1. Просвещенный абсолютизм Марии Терезии и Иосифа II. 2. Система Меттериха и недоверие правительства к русскому населению в Галиции. 3. Пробуждение национального самосознания среди русских Галичан и стремление правительства ввести их в русло австрийской политики.
«... Und wennja auch Rücksichten der
Politik erwegen werden sollten, dürfte
es sicher minder räthlich sein, statt der
polnischen die ruthcnische Sprache zu
verbreiten, nachdem solche nur eine
Abartung der russischen ist».
Мемориал Львовской губернии 13 декабря 1816 года.
рисоединение Галиции в 1772 г. последовало в ту пору, когда процесс сильнейшего сплочения отдельных частей Австрии в одно целое резко обозначился. Подобно тому, как было тогда на Западе, и в Австрии водворился т. наз. просвещенный абсолютизм, творцами которого явились здесь Мария Терезия, и Иосиф II. Были они реформаторами большого размаха. Правда, они стремились сломать сословные привилегии, все подчинить своей воле, но с другой стороны, они носились и с мыслью улучшить долю низших, беднейших слоев общества, и идеи, какими руководствовались Мария Терезия, и Иосиф II, принесли значительную пользу галицко-русскому населению: состоя из простонародья, оно почувствовало благоприятную перемену отношений в указанных двух направлениях. Так галицко-русское духовенство стало получать высшее образование. В 1774 г. правительство приняло в венскую дух. семинарию при ц. св. Варвары (Ваrbareum) 14 русских «клириков»; в 1783 г. основана униатская духовная семинария для галицко-русских; в 1784 г. был
открыт во Львове университет, в котором патентом от 9 марта 1787 г. учрежден т. наз. «русск. институт", где читали лекции для галицко-русских студентов, на философском и богословском факультетах, по-русски.
Кроме того, правительство облегчило и положение крестьян, дав им в 1782 г. личную свободу, а в 1786 г. упорядочило отношения их к помещикам.
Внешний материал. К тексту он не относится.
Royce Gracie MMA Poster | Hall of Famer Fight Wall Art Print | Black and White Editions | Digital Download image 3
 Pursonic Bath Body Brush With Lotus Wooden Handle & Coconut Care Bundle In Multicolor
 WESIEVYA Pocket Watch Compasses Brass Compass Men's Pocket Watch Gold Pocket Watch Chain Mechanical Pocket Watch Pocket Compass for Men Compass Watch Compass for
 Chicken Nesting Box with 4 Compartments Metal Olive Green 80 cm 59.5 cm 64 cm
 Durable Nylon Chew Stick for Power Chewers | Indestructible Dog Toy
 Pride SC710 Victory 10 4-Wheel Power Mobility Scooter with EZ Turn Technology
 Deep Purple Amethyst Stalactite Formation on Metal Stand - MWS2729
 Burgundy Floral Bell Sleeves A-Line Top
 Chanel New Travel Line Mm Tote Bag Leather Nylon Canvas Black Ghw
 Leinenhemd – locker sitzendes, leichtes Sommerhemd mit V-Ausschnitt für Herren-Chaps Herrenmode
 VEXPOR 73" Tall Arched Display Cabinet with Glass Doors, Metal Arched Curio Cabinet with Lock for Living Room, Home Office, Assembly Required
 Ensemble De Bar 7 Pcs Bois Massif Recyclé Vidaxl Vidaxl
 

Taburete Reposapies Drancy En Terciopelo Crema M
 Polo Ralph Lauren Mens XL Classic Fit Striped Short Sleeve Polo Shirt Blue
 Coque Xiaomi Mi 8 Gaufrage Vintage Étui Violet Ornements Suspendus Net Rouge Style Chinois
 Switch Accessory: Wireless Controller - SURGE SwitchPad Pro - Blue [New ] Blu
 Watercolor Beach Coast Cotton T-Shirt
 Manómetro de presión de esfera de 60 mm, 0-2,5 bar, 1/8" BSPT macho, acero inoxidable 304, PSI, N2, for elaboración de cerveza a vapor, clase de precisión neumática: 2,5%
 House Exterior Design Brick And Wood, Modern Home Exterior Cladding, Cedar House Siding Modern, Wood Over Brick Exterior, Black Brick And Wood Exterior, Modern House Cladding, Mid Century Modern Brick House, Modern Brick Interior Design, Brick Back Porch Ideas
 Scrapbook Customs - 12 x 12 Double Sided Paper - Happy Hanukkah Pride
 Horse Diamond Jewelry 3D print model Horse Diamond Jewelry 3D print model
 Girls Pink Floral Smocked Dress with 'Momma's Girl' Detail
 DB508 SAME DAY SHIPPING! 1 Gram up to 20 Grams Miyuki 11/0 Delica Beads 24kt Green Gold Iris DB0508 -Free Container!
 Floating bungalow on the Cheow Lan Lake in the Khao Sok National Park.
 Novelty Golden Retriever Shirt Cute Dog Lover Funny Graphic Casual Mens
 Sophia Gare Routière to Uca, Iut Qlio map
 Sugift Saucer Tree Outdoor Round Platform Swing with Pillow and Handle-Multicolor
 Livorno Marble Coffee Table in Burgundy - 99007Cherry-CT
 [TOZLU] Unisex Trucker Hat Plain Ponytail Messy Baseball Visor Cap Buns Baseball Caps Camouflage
Такая забота правительства о галицко-русских казалась им такою великодушною, что они долго питали чувства благодарности и привязанности к Австрии и, несмотря даже на перемену отношений к ним правительства, они считали эпохой тот момент, когда перешли под власть Австрии. «Любезнейшие братья, говорил в 1806 г. доктор богословия Гарасевич, взгляните на современное положение нашего духовенства, и вы убедитесь, что оно никогда не достигало такой высокой степени. А благодаря чему? Благодаря милости австрийского правительства, ибо с тех времен, как мы перешли под власть мудрой, справедливой ируководящейся либеральными принципами австрийской власти, с нами обращаются отечески и наравне с другими».
Между тем, в Австрии скоро водворился, как, впрочем, и в других европейских государствах, крайний абсолютизм. Французская революция, которая провела в жизнь целый ряд либеральных идей, самым способом их проведения поразила и встревожила консервативные элементы, а главным образом европейские дворы. Настает реакция, —и она все более усиливается с 1815 г., чтобы совершенно подавить либеральные мысли и идеи. В Австрии за это дело принялись Франц II (I) и его министр Меттерних, который стремился повсюду заглушить либеральные течения. Вот почему это время называется эпохою Меттерниха.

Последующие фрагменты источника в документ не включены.